Mark Reed wrote:I'm also a little dubious of eating just anything because someone says it's OK and I know there are a variety of daylily species. The ones I have most commonly seen as being eaten are the wild orange ones and they are the ones in abundance here. It's worth a shot to try digging some up to see if I can find any variations in root size, although it might just as likely be due to environmental conditions rather than genetic. Still I could bring more of that type back closer to home.
Just occurred to me that if I wanted to harvest cattails, at least the tops rather than roots in would be most convenient to utilize my kayak, eliminate all the fuss and muss and maybe catch a fish too. Wonder how "cattail on the cob" would be with a nice mess of pan fried bluegills.
Yeah. I have a certain willingness to eat things if I know the genus and am sure nothing in the genus is toxic. I don't have that kind of confidence with daylilies, so I'll leave that to people who are more adventurous than me and just stick with the ones I know are edible. Honestly, there might be more information in Chinese or from other parts of asia if people have the ability to search for and translate the available literature. This is part of the reason I wish it was easier to collaborate with people who speak other languages.
Canoes were definitely the preferred way to harvest things like wild rice. Just shake the stalks into the canoe. Definitely a good option for the parts of cattails that can be harvested above water.
I have a little pond, more of a glorified mud puddle in my estimation. It was built, I'm guessing a long time ago by who ever lived in the log homestead, now just a pile of chimney rocks at the edge of my yard. I speculate that there was more water in the ground back then as the pond collects little to no surface water, it is just a depression that at one time must have contained a spring. It often fills up pretty good in winter but most summers goes completely dry. I think I'll try to transplant cattails into it but I don't know if they can tolerate a wet/dry cycle. If not then they won't be on my actual list of foods as I want to establish food production that is entirely within easy walking distance of my house.
I already have the hostas and daylilies and can easily increase them so will do so. I've worked on the pecans and grapes for years so they are pretty well established and self maintaining.
A lot of the things I read about are certainly interesting and no reason not to explore but can't lose focus on the real goal and the necessity to drive miles somewhere to harvest isn't part of that goal.

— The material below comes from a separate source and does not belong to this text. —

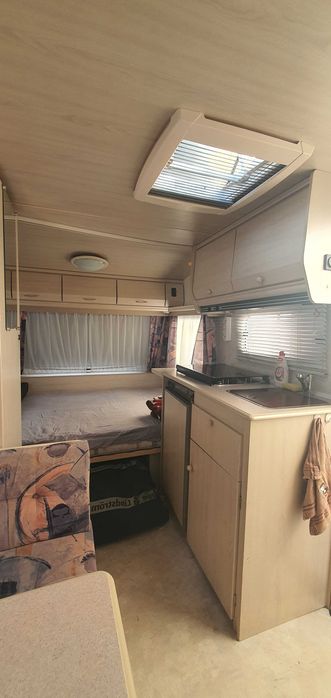 Przyczepa kempingowa CARAVELAIR 1000 DMC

Mark Reed wrote:I think I'll try to transplant cattails into it but I don't know if they can tolerate a wet/dry cycle. If not then they won't be on my actual list of foods as I want to establish food production that is entirely within easy walking distance of my house.
Try it. I had a cattail by my lawn (from a neighbor's pond). It took me a while to figure out what it was. It got regular water, but it certainly wasn't wet!
Zone 5b/6a, alkaline soil, 12 inches of water per year. For now the goal is a water independent urban homestead with edible landscaping and food forest.
I've seen cattails growing in a roadside ditch that appeared to get really dry in our seasonal drought. I never stopped to verify how dry it was to the touch, but at 25 mph, visually, it matched hard concrete clay. During the rainy seasons, there were a couple of inches of standing water.